New Delhi: A day after Prime Minister Narendra Modi claimed that the fundamentals of the economy remain strong, rating agency Moody’s Investor Service on Friday changed its outlook for India’s sovereign rating (Baa2) from stable to negative, saying that the domestic economic downturn could be structural.

The agency’s action does not amount to a rating downgrade, but comes as a caution against policy inaction. Moody’s credit rating of Baa2, the second-lowest investment grade score, is better than those of other agencies, such as S&P and Fitch, who have assigned the lowest investment grade to India with a stable outlook.

Countering Moody’s views, the Union finance ministry in a statement said that India’s potential growth rate remains unchanged, as evident from the assessment by the International Monetary Fund (IMF) and other multilateral organizations that continue to hold a positive outlook on India.

“The government has undertaken a series of financial sector and other reforms to strengthen the economy as a whole. Government of India has also proactively taken policy decisions in response to the global slowdown. These measures would lead to a positive outlook on India and would attract capital flows and stimulate investments," the statement added.

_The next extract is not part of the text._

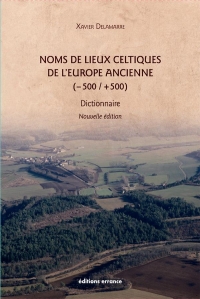 Noms de lieux celtiques de l'europe ancienne (-500 / +500) : 2e édition: Dictionnaire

India has often criticized the methodology followed by rating agencies. A finance ministry official, requesting anonymity, said while Moody’s had upgraded India’s upward growth cycle in 2017, the change in outlook within two years seems to be a knee-jerk reaction. “In the next two years, India should be back on trend growth," he added.

Moody’s said India’s potential gross domestic product (GDP) growth and job creation will remain constrained unless reforms are advanced to directly reduce restrictions on the productivity of labour and land, stimulate private sector investment, and sustainably strengthen the financial sector.

“The prospects of further reforms that would support business investment and growth at high levels, and significantly broaden the narrow tax base, have diminished," it added.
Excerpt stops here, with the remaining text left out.